Despite losing those who had reaffiliated with UMNO, Razaleigh’s group still mounted
the stiffest electoral challenge UMNO has faced since 1969. By cooperating with PAS
and the DAP, Semangat ’46 built two electoral alliances against the UMNO-led National
Front (NF), a rare convergence of opposition factions:
With the prospect of power dangling before their eyes, Malay and non-Malay leaders
who had never worked together before found it possible to make compromises-albeit
very limited ones-in the interest of defeating the NF…[Despite tensions between them,]

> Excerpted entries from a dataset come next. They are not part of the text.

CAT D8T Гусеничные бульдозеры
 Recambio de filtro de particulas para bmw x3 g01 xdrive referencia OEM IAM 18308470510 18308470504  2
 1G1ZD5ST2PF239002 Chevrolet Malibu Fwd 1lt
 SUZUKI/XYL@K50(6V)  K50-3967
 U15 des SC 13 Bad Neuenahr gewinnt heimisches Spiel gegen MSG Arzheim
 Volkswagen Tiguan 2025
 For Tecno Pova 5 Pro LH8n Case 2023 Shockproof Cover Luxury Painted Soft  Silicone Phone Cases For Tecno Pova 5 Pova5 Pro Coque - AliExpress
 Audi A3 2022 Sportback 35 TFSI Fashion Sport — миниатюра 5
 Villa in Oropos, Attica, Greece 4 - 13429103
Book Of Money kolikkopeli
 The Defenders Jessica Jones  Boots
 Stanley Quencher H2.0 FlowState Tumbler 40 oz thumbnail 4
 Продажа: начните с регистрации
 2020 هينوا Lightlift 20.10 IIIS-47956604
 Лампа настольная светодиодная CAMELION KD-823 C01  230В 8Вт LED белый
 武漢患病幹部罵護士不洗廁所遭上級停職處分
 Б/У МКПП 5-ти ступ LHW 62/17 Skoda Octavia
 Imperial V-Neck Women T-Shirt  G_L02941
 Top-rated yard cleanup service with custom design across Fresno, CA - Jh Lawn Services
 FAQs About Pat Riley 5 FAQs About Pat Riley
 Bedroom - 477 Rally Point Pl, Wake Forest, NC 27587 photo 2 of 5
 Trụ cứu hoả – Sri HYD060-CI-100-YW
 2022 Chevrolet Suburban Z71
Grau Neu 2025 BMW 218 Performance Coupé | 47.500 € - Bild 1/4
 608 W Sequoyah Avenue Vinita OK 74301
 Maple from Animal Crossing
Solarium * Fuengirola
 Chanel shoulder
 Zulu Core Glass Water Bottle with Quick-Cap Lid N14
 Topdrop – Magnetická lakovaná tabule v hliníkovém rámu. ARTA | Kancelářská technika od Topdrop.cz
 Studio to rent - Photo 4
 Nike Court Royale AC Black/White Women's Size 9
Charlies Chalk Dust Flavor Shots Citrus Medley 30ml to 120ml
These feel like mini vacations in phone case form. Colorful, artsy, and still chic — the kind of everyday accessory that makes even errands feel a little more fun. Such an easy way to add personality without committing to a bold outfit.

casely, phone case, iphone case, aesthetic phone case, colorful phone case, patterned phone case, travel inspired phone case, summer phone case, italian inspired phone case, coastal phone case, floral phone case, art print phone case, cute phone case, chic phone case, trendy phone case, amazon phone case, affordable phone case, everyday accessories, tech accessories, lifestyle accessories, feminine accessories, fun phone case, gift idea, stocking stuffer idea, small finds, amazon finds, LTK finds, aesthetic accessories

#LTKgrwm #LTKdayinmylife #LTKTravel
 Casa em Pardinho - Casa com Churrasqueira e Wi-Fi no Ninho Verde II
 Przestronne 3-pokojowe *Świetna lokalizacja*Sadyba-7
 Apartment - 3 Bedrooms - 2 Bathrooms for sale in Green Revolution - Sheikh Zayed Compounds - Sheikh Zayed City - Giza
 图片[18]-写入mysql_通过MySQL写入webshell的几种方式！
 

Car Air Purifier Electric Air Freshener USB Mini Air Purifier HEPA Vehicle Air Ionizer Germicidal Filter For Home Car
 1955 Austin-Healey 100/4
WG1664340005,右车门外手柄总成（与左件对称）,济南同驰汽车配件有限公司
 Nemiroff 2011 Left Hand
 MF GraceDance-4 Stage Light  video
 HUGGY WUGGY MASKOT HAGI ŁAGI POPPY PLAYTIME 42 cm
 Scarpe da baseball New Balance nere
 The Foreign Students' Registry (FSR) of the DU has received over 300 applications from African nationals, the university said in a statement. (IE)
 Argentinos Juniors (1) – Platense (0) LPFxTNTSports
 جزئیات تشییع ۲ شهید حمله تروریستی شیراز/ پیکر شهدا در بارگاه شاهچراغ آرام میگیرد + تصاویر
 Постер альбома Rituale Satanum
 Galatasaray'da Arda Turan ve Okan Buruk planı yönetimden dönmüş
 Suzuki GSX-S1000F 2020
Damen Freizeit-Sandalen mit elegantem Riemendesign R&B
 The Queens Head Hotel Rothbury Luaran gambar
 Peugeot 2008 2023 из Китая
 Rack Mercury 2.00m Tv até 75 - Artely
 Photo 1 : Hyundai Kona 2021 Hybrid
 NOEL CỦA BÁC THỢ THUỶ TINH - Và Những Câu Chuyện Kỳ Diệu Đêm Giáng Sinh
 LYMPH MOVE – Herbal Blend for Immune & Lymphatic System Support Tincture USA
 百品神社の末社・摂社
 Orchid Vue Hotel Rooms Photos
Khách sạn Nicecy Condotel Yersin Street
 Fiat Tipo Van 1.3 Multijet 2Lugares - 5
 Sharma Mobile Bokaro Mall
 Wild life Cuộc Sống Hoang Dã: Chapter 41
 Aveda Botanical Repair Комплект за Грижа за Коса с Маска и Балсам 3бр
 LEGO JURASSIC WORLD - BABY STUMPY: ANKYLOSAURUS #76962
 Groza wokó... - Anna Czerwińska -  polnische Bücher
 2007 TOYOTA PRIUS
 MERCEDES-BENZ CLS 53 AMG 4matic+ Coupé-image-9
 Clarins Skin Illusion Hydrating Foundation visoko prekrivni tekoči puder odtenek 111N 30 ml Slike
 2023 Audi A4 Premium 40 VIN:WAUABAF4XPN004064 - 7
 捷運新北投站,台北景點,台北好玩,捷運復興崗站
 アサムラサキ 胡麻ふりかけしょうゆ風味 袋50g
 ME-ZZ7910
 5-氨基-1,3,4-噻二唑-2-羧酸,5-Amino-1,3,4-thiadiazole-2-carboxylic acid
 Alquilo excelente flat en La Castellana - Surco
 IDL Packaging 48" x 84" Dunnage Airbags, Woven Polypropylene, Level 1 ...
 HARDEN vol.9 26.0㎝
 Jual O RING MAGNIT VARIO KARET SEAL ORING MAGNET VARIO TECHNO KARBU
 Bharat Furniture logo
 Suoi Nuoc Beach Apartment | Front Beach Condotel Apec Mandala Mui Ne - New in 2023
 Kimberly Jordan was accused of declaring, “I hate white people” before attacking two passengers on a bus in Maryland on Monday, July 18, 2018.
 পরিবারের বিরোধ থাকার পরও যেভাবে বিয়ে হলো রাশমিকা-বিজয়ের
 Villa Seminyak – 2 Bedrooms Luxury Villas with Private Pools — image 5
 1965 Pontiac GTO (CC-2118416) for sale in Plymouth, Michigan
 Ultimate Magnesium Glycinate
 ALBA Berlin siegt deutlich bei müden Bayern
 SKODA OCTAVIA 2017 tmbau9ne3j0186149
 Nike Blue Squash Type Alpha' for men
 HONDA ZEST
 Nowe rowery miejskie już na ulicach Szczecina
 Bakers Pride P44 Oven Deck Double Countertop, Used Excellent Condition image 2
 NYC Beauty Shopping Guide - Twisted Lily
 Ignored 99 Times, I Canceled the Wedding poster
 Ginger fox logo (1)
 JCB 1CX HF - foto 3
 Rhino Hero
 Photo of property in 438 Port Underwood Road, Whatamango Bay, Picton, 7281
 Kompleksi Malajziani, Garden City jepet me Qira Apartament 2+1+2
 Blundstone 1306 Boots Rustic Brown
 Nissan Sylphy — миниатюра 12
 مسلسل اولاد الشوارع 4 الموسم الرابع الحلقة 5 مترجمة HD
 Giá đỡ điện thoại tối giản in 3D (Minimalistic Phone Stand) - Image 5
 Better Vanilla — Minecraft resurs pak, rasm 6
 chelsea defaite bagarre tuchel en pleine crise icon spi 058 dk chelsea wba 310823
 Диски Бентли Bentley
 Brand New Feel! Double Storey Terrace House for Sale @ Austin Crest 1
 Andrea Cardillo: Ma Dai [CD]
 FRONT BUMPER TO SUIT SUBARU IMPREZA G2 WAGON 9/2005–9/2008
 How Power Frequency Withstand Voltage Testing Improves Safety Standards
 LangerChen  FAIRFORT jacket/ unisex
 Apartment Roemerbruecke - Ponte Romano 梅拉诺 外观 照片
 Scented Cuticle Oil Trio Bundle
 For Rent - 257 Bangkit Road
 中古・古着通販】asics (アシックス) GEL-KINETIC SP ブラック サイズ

the parties were still able to nominate common candidates in all but one of the
peninsular parliamentary seats [which comprise 132 of 180 seats in parliament] (Crouch
1996: 128).
Seeking Malay votes, PAS was glad to work with the more secularist Semangat, since
the campaign provided the Islamist organization a chance to retailor its radical image
from 1986, when PAS had advocated the creation of an Islamic state. Frustrated by
their poor performance in that election, PAS leaders regarded an alliance with Semangat
as the only logical alternative to a potential split of anti-establishment Malay votes
between the two parties (Khong 1991b: 9). Calling their partnership the Muslim Unity
Movement (Angkatan Perpaduan Ummah) Semangat and PAS together sought votes
among the country’s Malay majority, UMNO’s primary constituency. In addition,
Semangat curried the support of other ethnic communities by cooperating with the DAP.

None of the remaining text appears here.